I have a webdriver script that does a lot of stuff, like clicks on links, sends keys and so on, but I cannot predict where it will crash. I want to run a series of tests in sequence and print results into a file - including any errors/crashes: Eg.
Test01 - Success!
Test02 - NameError: name 'driver' is not defined !ERROR!
Test03 - Success!
and so on.
So that at the end I can just open the text file and check which tests need to be fixed and re-run.
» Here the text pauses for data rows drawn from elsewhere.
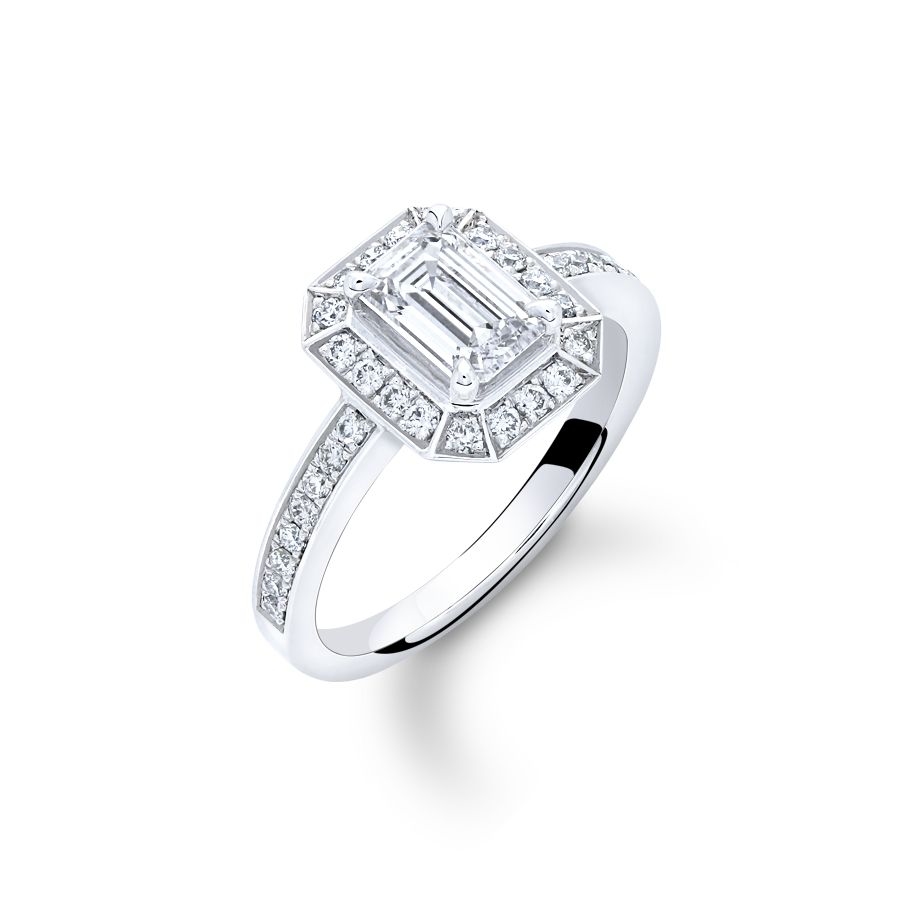 光輝庭園－GIA1克拉祖母綠形鑽戒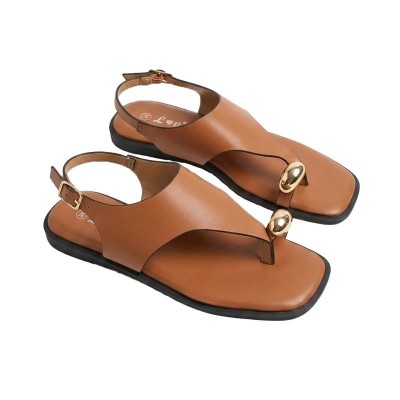 Sandales plates Lov'it à détail doré et bride ajustable chic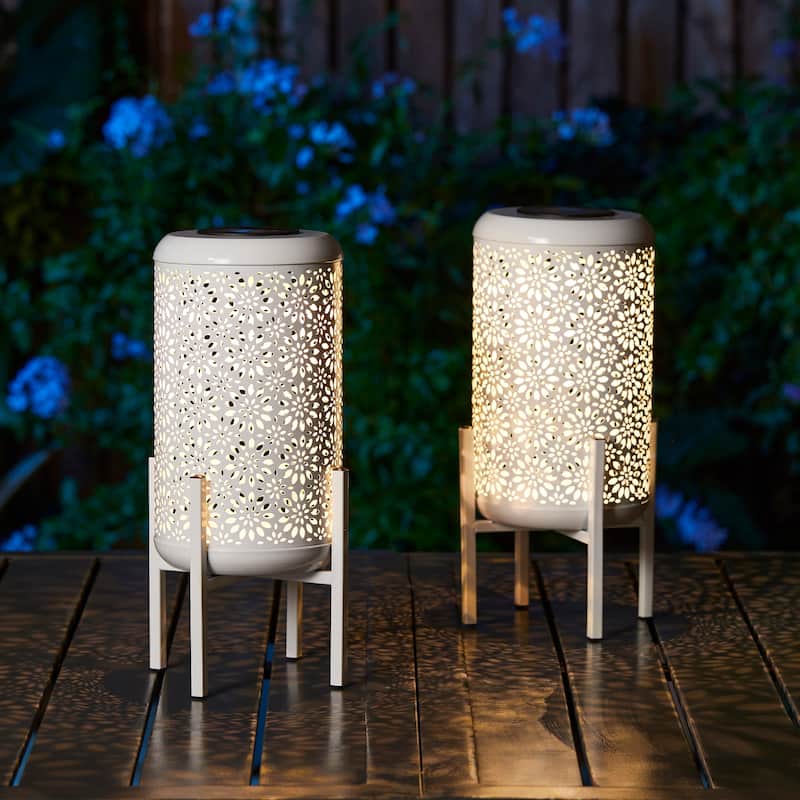 Glitzhome 14.25"H Set of 2 Metal Flower Cutout Solar Lanterns Floor Lantern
Now I've been using try/exception
with smaller blocks of code, but it seems to me that I would have to somehow include the whole script within try/catch/exception
to get what I want.
Is there a better way to catch any type of error that is displayed after a script crashes, like on the image below:
Upvotes: 1
Views: 2598
Reputation: 1424
It seems the trick you are looking for is redirecting the stderr to a file or stdout.
Python when having the exception will write the exception to stderr . simply you need to redirect stderr to the same output file you have when running the python program
like this
python file.py &> outputfile
Upvotes: 0
Reputation: 33275
You can use a plain except
to catch any and all exceptions, like so:
try:
some code here
except:
print 'whoops, something went wrong'
However this doesn't give you any information about the exception, so you probably don't want to do that.
You can also catch the very broad Exception
, like so:
try:
some code here
except Exception as ex:
print 'oops, caught this error: %s' % ex
This is a better method as it tells you what exactly went wrong.